The source code is below. The details aren't that important; some assembly language templates are allocated and then there's a linear pass through the virtual machine language, translating each instruction to an equivalent block of assembly code.
EDIT: after recompiling the D code using dmd -O -release -inline -m64
, D comes out the victor with a time of 2.20s on the input. However, the question still remains of why with almost identical code, D seems to perform slower than python.
EDIT 2: using the advice from below, I switched from using a simple list of strings, to using an appender!string()
, and improved the time by a noticeable amount.
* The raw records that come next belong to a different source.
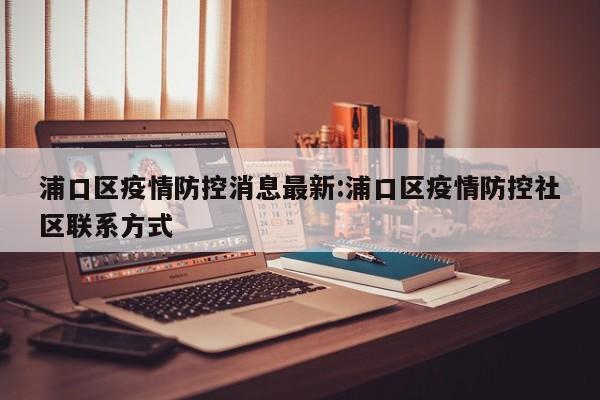浦口区疫情防控消息最新:浦口区疫情防控社区联系方式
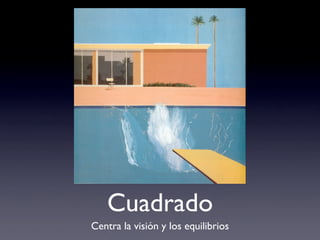Cuadrado
Centra la visión y los equilibrios
 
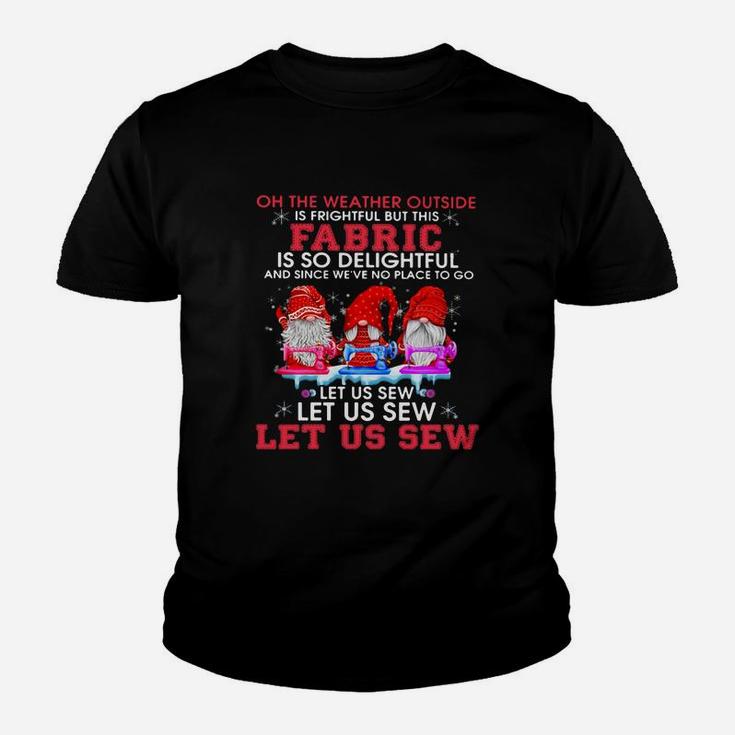 Gnomes Oh The Weather Outside Is Frightful But This Fabric Is So Delightful Shirt Kid T-Shirt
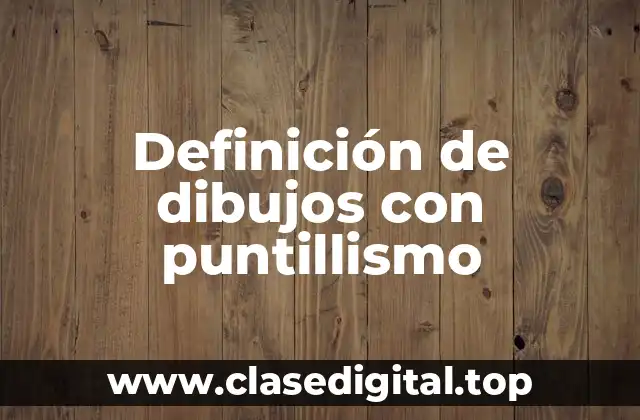 Definición de dibujos con puntillismo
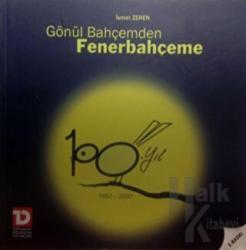 Gönül Bahçemden Fenerbahçeme 100.Yıl1907-2007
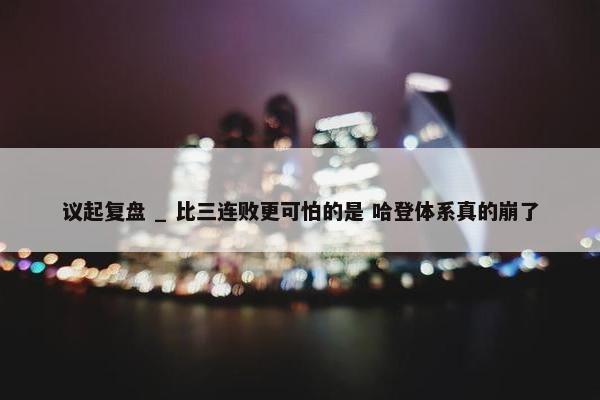 议起复盘 _ 比三连败更可怕的是 哈登体系真的崩了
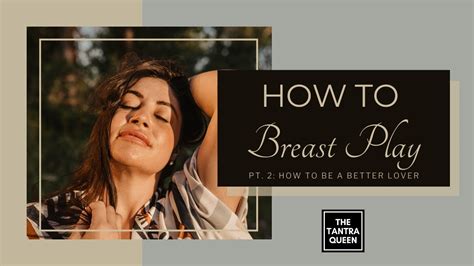 breast pressing video|Explore Breast Play: 5 Techniques for Breast Play .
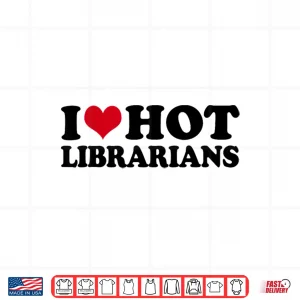 Design I Love Hot Librarians Librarian Library Shirt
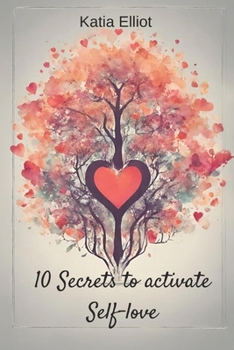 10 Secrets to Active your Self-love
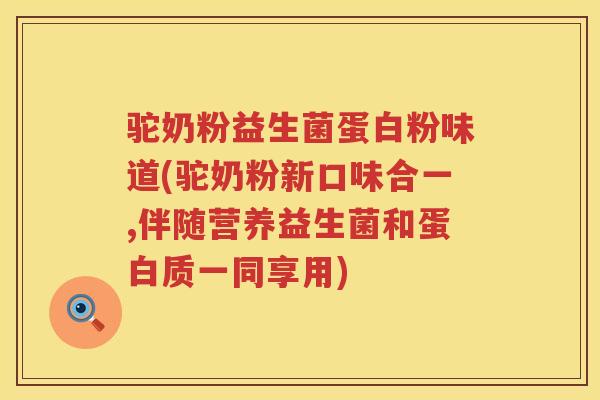 驼奶粉益生菌蛋白粉味道(驼奶粉新口味合一,伴随营养益生菌和蛋白质一同享用)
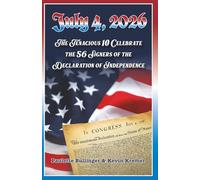 July 4, 2026: The Tenacious 10 Celebrate the 56 Signers of the Declaration of Independence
It's worth mentioning however, that if you have a bunch of strings in an appender
, do not write them to a file with a command like:
auto outputfile = File("foo.txt","w");
foreach(str; my_appender.data)
outputfile.write(str);
Rather instead, write something like:
auto outputfile = File("foo.txt","w");
outputfile.write(my_appender.data);
The second example will give you a small performance increase over using a simple string[]
. But using the first one gave me a huge performance hit, doubling the execution time.
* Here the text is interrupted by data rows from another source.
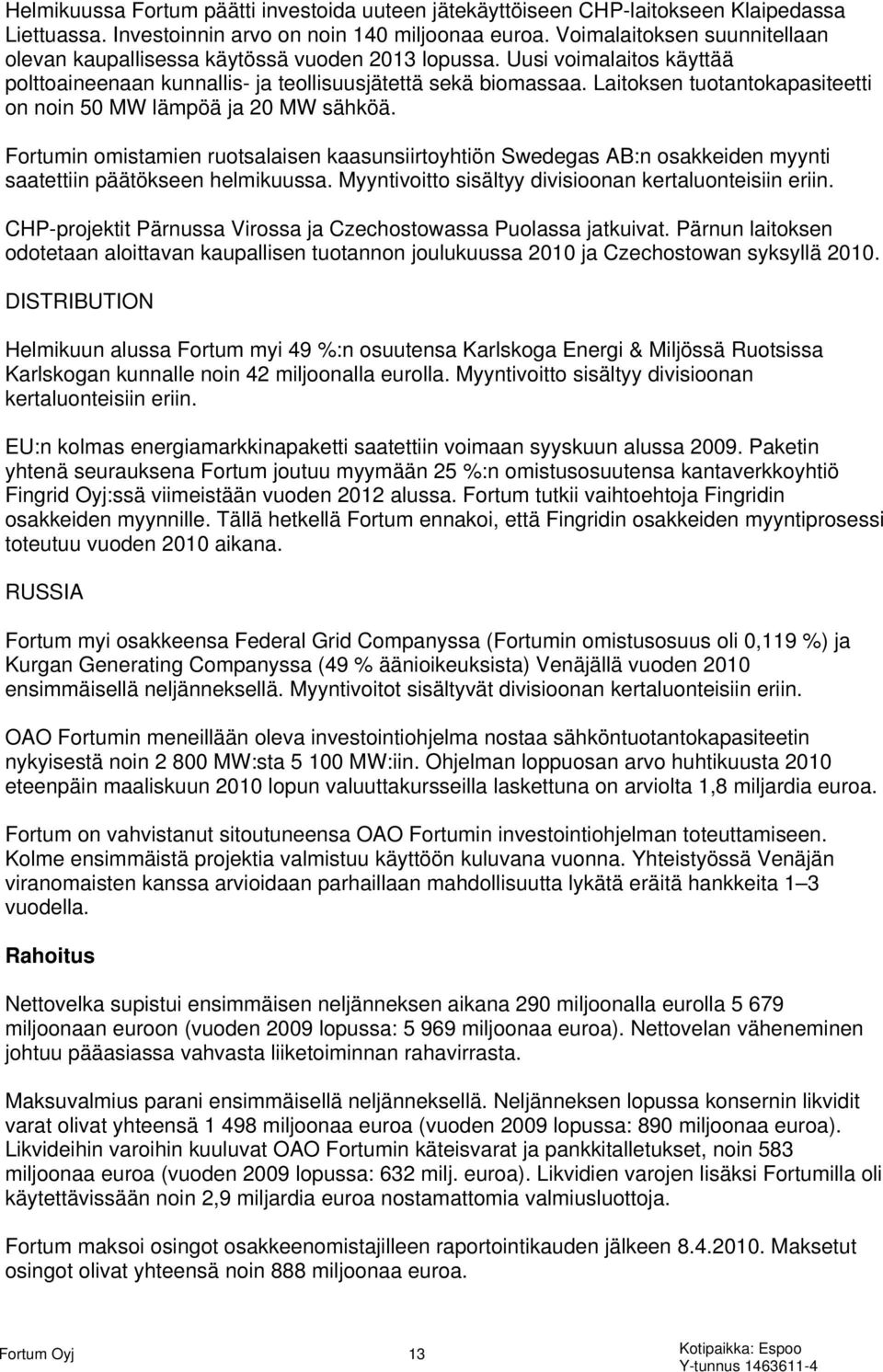 Laitoksen tuotantokapasiteetti on noin 50 MW lämpöä ja 20 MW sähköä. Fortumin omistamien ruotsalaisen kaasunsiirtoyhtiön Swedegas AB:n osakkeiden myynti saatettiin päätökseen helmikuussa.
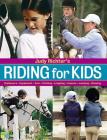 Riding for Kids: Stable Care, Equipment, Tack, Clothing, Longeing, Lessons, Jumping, Showing By Judy Richter Cover Image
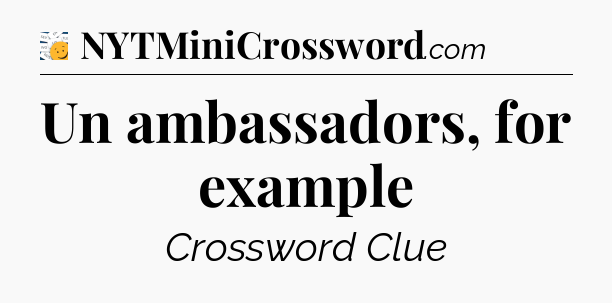 Un ambassadors, for example - 7 Little Words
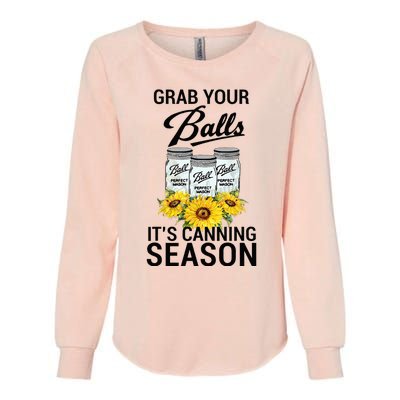 Grab Your Balls It’s Canning Season Womens California Wash Sweatshirt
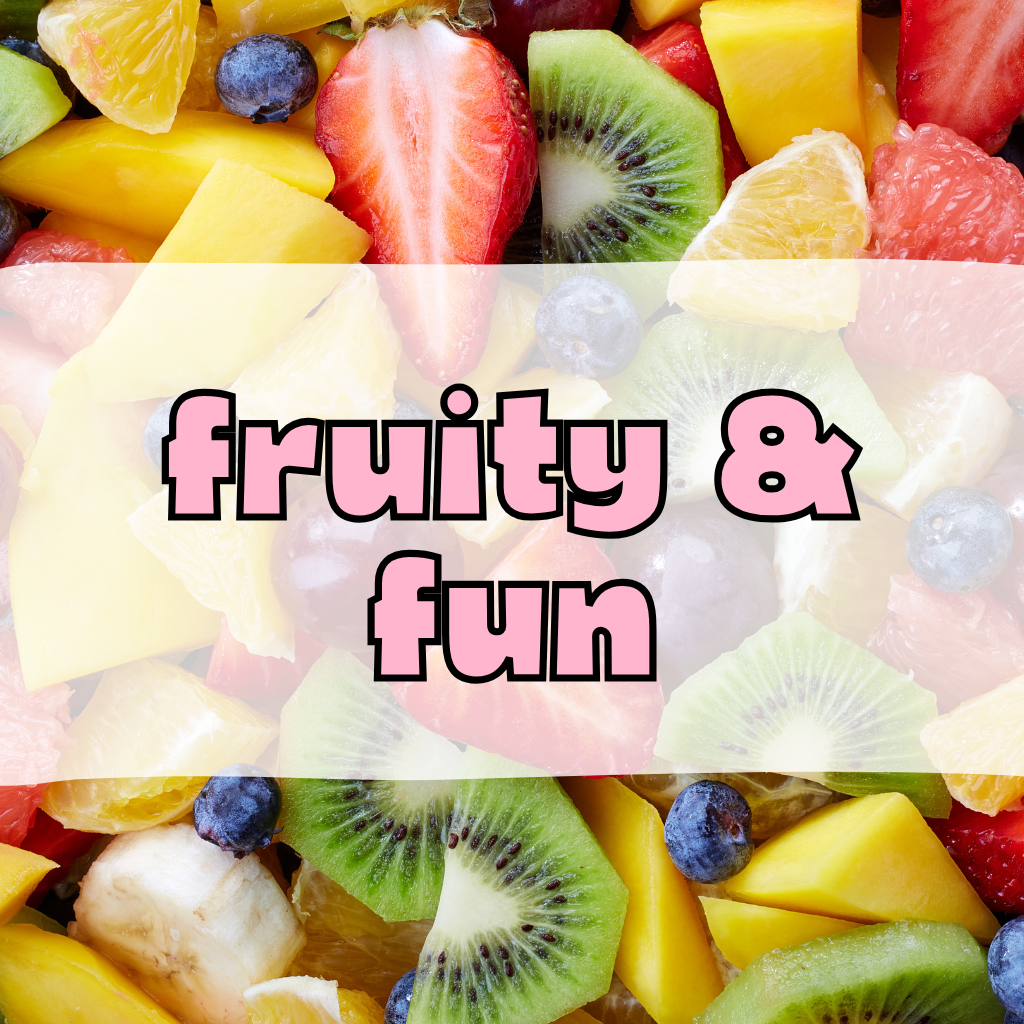 Fruity & Fun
Changing to an appender!string()
, the compilation of the aforementioned large file took about 2.75 seconds (to Python's 2.8), where the original had taken about 3. Doing this, and also using the optimization flags in dmd
, gave a total compilation time of 1.98
seconds! :)
Python:
#!/usr/bin/python
import sys
operations_dict = {"add":"+", "sub":"-",
"and":"&", "or":"|",
"not":"!", "neg":"-",
"lt":"JLT", "gt":"JGT",
"eq":"JEQ", "leq":"JLE",
"geq":"JGE"}
vars_dict = {"this":("THIS","M"),
"that":("THAT","M"),
"argument":("ARG","M",),
"local":("LCL","M",),
"static":("f.%d","M",),
"temp":("TEMP","A",)}
start = "@SP\nAM=M-1\n"
end = "@SP\nM=M+1\n"
binary_template = start + "D=M\n\
@SP\n\
AM=M-1\n\
M=M%sD\n" + end
unary_template = start + "M=%sM\n" + end
comp_template = start + "D=M\n\
@SP\n\
AM=M-1\n\
D=M-D\n\
@COMP.%d.TRUE\n\
D;%s\n\
@COMP.%d.FALSE\n\
0;JMP\n\
(COMP.%d.TRUE)\n\
@SP\n\
A=M\n\
M=-1\n\
@SP\n\
M=M+1\n\
@COMP.%d.END\n\
0;JMP\n\
(COMP.%d.FALSE)\n\
@SP\n\
A=M\n\
M=0\n" + end + "(COMP.%d.END)\n"
push_tail_template = "@SP\n\
A=M\n\
M=D\n\
@SP\n\
M=M+1\n"
push_const_template = "@%d\nD=A\n" + push_tail_template
push_var_template = "@%d\n\
D=A\n\
@%s\n\
A=%s+D\n\
D=M\n" + push_tail_template
push_staticpointer_template = "@%s\nD=M\n" + push_tail_template
pop_template = "@%d\n\
D=A\n\
@%s\n\
D=%s+D\n\
@R13\n\
M=D\n\
@SP\n\
AM=M-1\n\
D=M\n\
@R13\n\
A=M\n\
M=D\n"
pop_staticpointer_template = "@SP\n\
AM=M-1\n\
D=M\n\
@%s\n\
M=D"
type_dict = {"add":"arithmetic", "sub":"arithmetic",
"and":"arithmetic", "or":"arithmetic",
"not":"arithmetic", "neg":"arithmetic",
"lt":"arithmetic", "gt":"arithmetic",
"eq":"arithmetic", "leq":"arithmetic",
"geq":"arithmetic",
"push":"memory", "pop":"memory"}
binary_ops = ["add", "sub", "and", "or"]
unary_ops = ["not", "neg"]
comp_ops = ["lt", "gt", "eq", "leq", "geq"]
op_count = 0
line_count = 0
output = ["// Assembly file generated by my awesome VM compiler\n"]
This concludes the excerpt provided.